The goal is to assist infants and toddlers in low-income families by providing a portion of the diapers they need each week – helping to keep the little ones fresh and dry.

Diapers, Mohlin said, can cost as much as $100 per month. And while there are programs that help families who have few resources, diapers generally aren’t a covered commodity.

Jennifer Viger of the Special Supplemental Nutrition Program for Women, Infants, and Children, known as WIC, at York County Community Action Corporation, said diapers can be expensive for some families, and she noted neither WIC, which concentrates on nutrition benefits for mothers and their children, or the SNAP (Supplemental Nutrition Assistance Program, formerly known as food stamps) program allow diaper purchases.

“Some of our clients do have difficulty purchasing them on their own,” said Viger. “Having this diaper bank is a great resource.”

According to a December Portland Press Herald story, Temporary Assistance to Needy Families, known as TANF, allows the purchase of diapers, but doing so would use about 16 percent of the monthly benefit.

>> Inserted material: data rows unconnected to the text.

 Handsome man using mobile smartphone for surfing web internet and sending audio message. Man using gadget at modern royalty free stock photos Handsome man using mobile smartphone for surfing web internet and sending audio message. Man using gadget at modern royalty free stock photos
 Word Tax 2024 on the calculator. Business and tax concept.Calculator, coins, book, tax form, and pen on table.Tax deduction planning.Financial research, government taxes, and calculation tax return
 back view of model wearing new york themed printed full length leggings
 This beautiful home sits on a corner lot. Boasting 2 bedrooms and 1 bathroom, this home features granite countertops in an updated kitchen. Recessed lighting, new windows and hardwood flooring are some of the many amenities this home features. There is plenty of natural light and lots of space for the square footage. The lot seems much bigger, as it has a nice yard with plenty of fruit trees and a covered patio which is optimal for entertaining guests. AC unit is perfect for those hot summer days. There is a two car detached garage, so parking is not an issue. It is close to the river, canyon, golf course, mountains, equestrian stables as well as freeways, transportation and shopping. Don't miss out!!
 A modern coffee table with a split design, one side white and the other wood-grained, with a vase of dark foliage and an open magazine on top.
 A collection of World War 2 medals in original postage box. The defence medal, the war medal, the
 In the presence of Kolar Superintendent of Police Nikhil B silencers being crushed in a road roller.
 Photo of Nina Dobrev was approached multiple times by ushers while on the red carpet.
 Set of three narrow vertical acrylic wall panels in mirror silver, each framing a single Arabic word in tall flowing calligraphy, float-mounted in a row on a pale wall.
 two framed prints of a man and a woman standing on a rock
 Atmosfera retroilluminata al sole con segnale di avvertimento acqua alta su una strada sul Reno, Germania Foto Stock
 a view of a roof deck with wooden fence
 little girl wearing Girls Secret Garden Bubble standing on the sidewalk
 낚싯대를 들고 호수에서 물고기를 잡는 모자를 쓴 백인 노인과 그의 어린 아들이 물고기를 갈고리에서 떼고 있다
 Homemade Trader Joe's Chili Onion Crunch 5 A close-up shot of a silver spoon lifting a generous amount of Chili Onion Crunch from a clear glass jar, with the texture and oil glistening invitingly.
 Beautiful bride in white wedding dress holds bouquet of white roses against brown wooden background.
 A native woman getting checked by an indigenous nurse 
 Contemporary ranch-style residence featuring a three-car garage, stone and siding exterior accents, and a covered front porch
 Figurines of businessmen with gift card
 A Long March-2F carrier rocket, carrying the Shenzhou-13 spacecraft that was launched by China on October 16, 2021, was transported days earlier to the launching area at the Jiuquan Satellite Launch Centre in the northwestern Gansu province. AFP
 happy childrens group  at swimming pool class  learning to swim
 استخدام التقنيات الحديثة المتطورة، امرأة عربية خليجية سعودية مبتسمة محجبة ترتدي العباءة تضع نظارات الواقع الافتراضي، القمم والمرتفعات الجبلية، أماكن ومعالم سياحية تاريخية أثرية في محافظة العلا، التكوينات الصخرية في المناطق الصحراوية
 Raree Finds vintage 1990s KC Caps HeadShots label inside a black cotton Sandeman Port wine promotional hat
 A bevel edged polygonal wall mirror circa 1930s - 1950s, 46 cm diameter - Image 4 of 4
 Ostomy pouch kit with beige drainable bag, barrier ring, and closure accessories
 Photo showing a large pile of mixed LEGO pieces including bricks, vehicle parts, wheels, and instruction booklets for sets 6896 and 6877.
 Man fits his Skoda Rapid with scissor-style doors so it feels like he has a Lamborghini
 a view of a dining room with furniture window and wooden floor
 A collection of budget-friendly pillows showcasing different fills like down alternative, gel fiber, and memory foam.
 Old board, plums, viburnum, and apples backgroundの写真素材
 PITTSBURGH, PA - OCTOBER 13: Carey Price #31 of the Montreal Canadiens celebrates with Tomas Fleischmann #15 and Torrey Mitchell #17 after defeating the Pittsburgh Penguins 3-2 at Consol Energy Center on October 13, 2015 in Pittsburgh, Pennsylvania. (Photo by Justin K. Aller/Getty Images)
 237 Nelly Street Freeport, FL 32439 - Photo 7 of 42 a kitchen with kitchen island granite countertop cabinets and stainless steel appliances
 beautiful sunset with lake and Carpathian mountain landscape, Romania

Mohlin said she didn’t know about diaper banks until she listened to a story on National Public Radio one morning and heard the president of a Texas diaper bank talking about the need.

“I said ‘we should be doing that here,'” she recalled.

She did some research and found a couple of diaper banks in Maine, the Michael Klahr Jewish Family Services Diaper Bank in Portland, and another, on the Midcoast.

The Ecumenical Diaper Bank in central Lincoln County was established in 2015, according to Sue Rockwood, who said eight churches participate in that Midcoast endeavor. In 2019, the bank handed out nearly 11,000 diapers in three Lincoln County locations, she said.

“Babies without diapers can’t go to daycare, and infants can’t attend preschool,” said Rockwood.

She and the volunteers in Saco point out that inadequate diaper supplies can result in discomfort and health issues for babies and young children.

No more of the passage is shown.